▶ _MATERIAL PROVIDED_
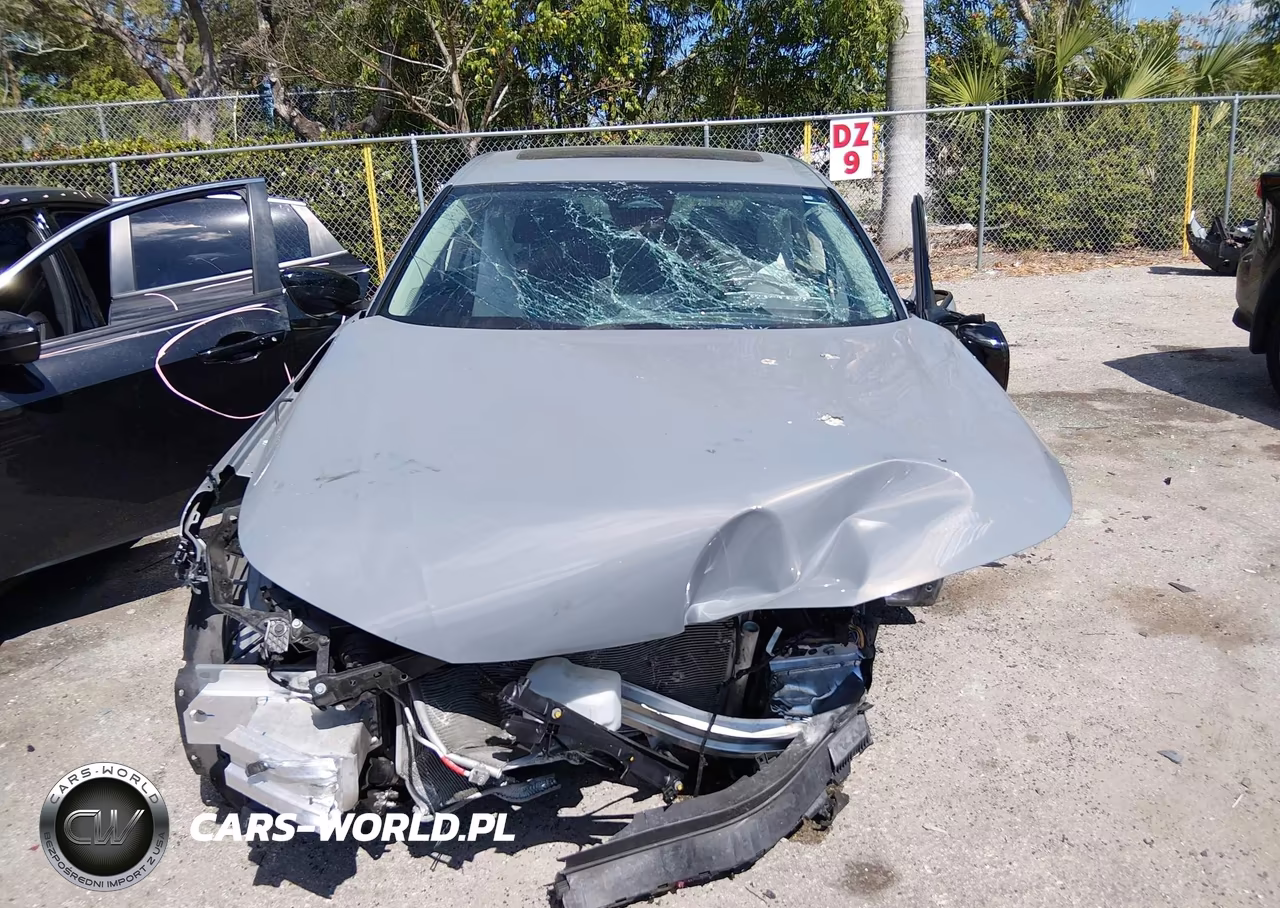 2025 Honda Accord Se VIN:1HGCY1F42SA042173 - 12
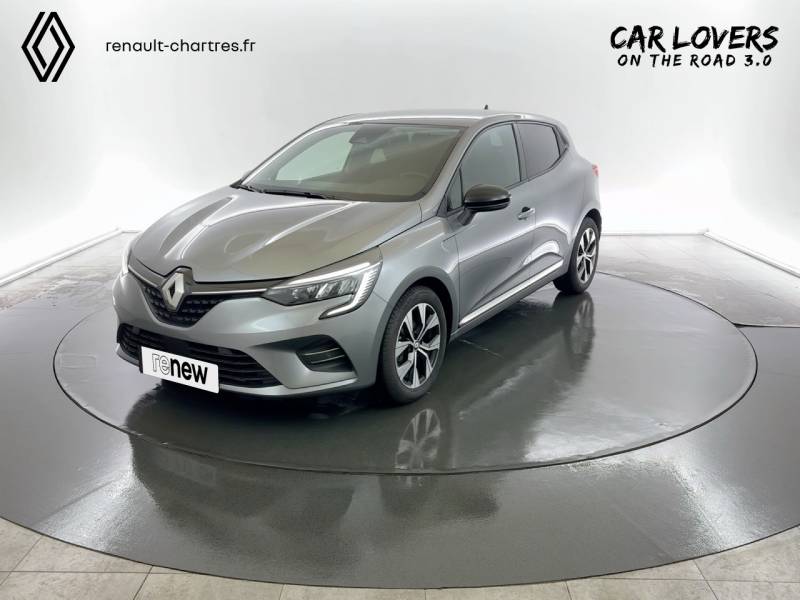 Image de l'annonce principale - Renault Clio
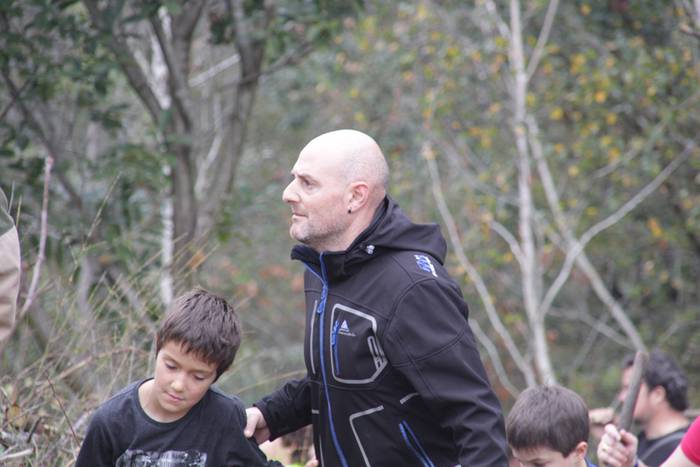 Eskola txikiak eta ner group 18 1447508266959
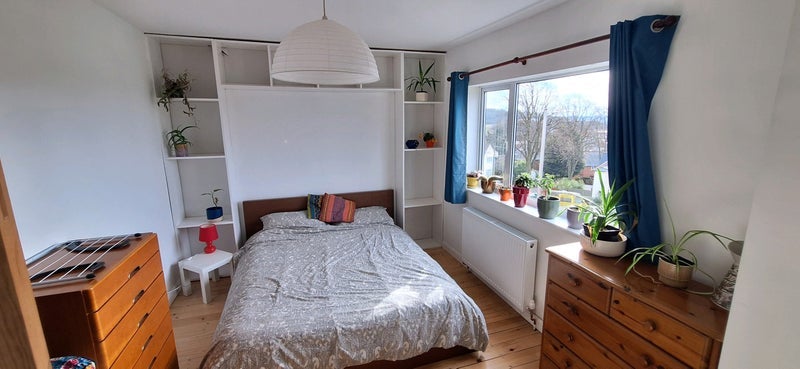 Room Serlby Rise in Nottingham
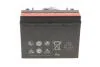 Акумулятор 21Ah-12v AGM (205х87х162) R, EN350 EXIDE ETX24HL-BS (фото 2)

▶ _YOUR TASK_
Starting at the line that holds "Image de l'annonce principale - Renault Clio", copy each line exactly through the end of the material above, keeping both ends and dropping the pictures.

▶ _EXERCISE ANSWER_
 Image de l'annonce principale - Renault Clio
 Eskola txikiak eta ner group 18 1447508266959
 Room Serlby Rise in Nottingham
 Акумулятор 21Ah-12v AGM (205х87х162) R, EN350 EXIDE ETX24HL-BS (фото 2)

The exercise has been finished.